EAT-Lancetという委員会による過去にない規模の反肉キャンペーンが始まっています。
EATは、「健全な科学を通じて世界の食料システムを変革することを目的とした、グローバルな非営利団体」となっていますが、この団体の中心的なメンバーは先鋭的な動物愛護、動物福祉運動者達です。
そのウェブページには
「EAT-ランセット委員会は、さまざまな科学分野の16カ国から37人の世界をリードする科学者で構成されています。委員会の目的は、健康的な食事と持続可能な食料生産のための目標を定義することによって科学的合意に達することでした。委員会の調査結果は、地球で健康的な食事と持続可能な食糧生産のための史上初の科学的目標を提供し、それによって2050年までに最大100億人に食を提供することです。」
と書かれていますが、彼らに「科学的な合意に達する」という意図はありません。せいぜい、「自分達に都合の良い」考えに世界が同意させる、ということです。
委員の多くがビーガン/菜食者
この37人の委員のうち80%が過去にビーガン/菜食主義に傾倒していることがわかっています。そのような委員会が科学的に正しい食事の提案などできるはずがありません。
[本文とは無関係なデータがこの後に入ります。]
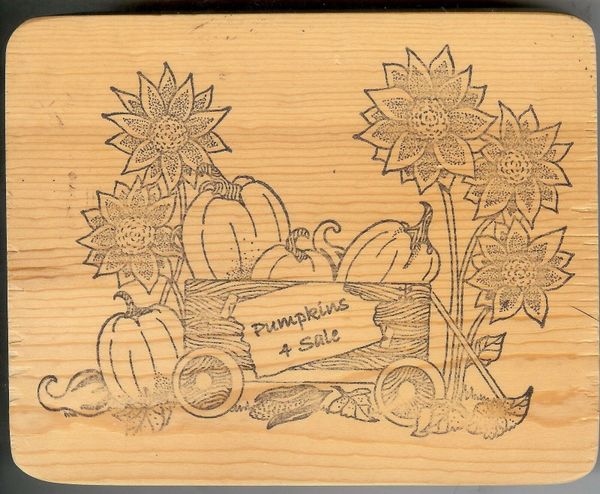 M & M Rubber Stamp K-1250 Pumpkins 4 Sale, Halloween, Fall B2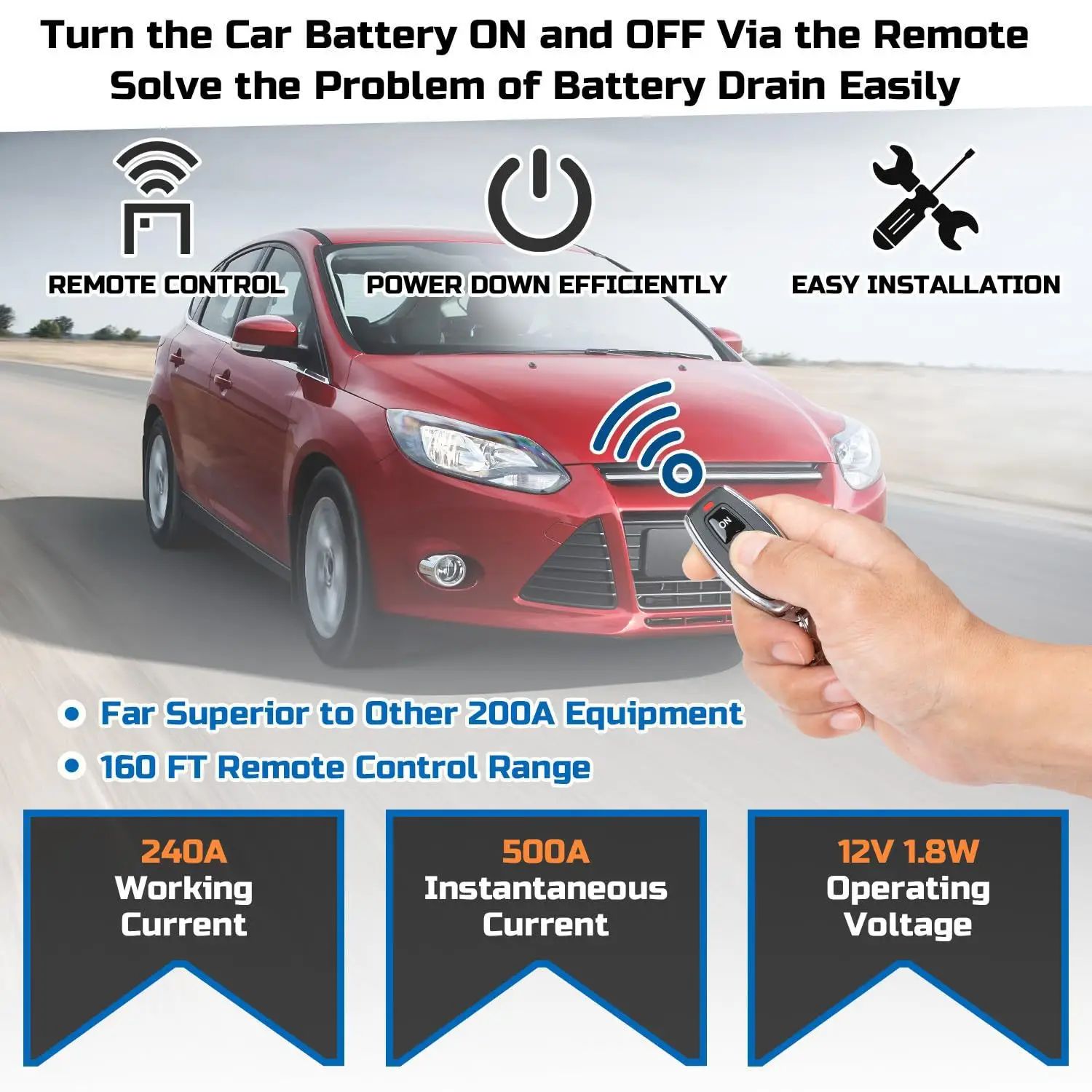 Car Remote Battery Disconnect Switch 12v, 240A, Upgrade Smart Voltage Safety Kill Switch with Led Voltage Display Automatic Power Shut Off, Anti-Theft, Prevent Battery Drain +  2 Remote Controls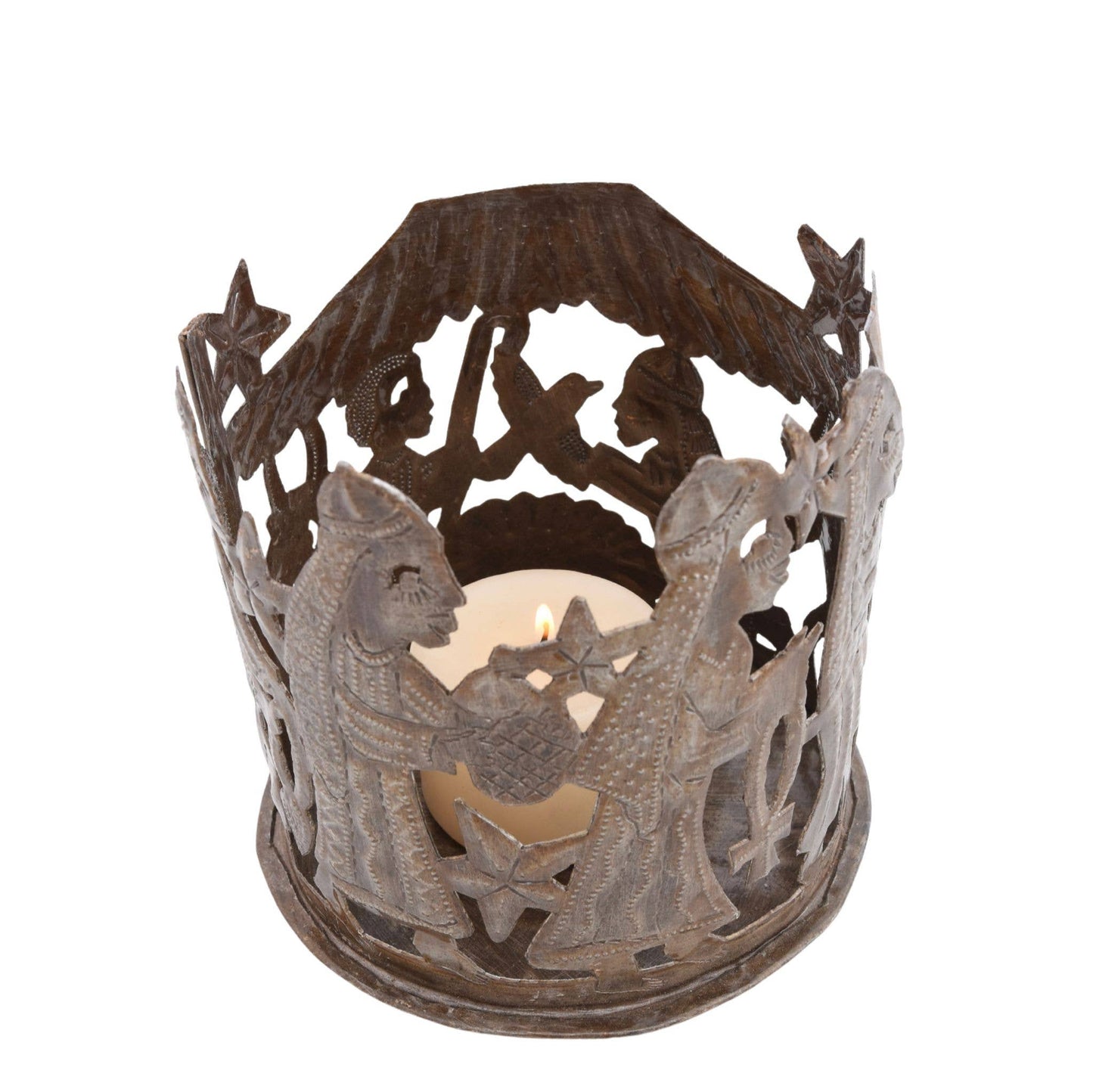 Handmade Haitian Metal Nativity Candleholder – Fair Trade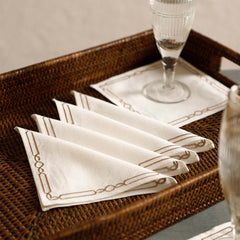 Ennis Embroidery Cocktail Napkin Set Of 6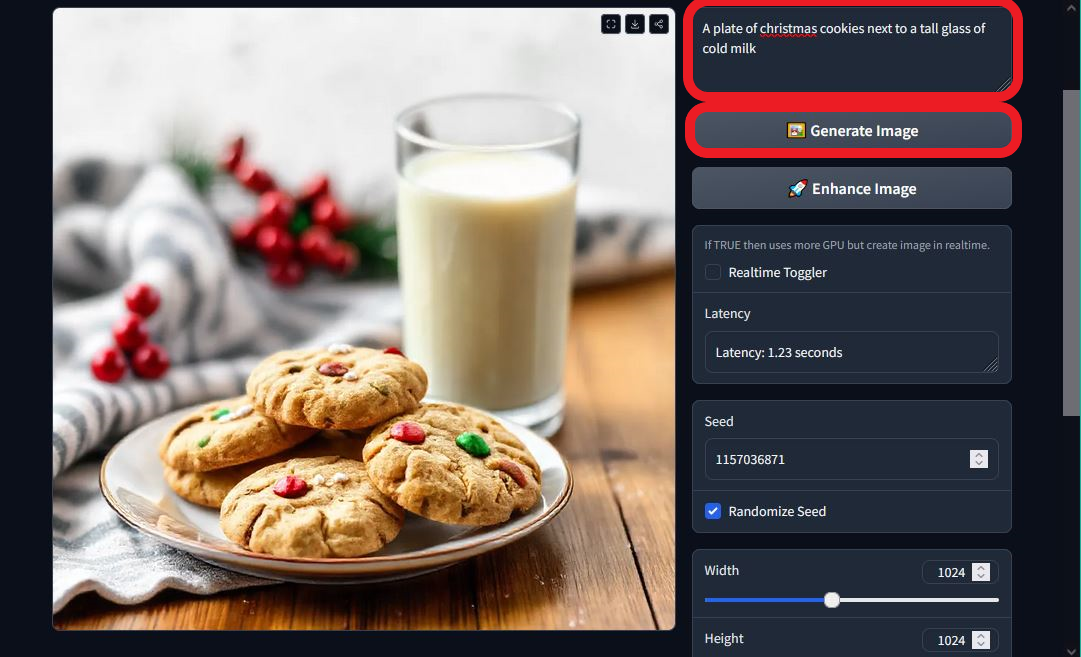 Flux image generator interface.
委員会の報告媒体として、そしてプロジェクトの名前に「ランセット」という権威ある科学論文誌のブランドが使われていることから、科学リテラシーが高くない消費者は、簡単に「肉はカラダに良くない」という科学的な合意がされているとの印象を与えられやすいでしょう。
特に日本では「あのランセット誌に掲載された…」とこの科学誌の名前を使って自らの主張に権威付けされた記事をよくみかけるので、このブランドに弱い人たちも多いのでしょう。
昨年末に「肉を食べることについて議論しなければいけない」というEAT-Lancet記事がランセットに掲載されました。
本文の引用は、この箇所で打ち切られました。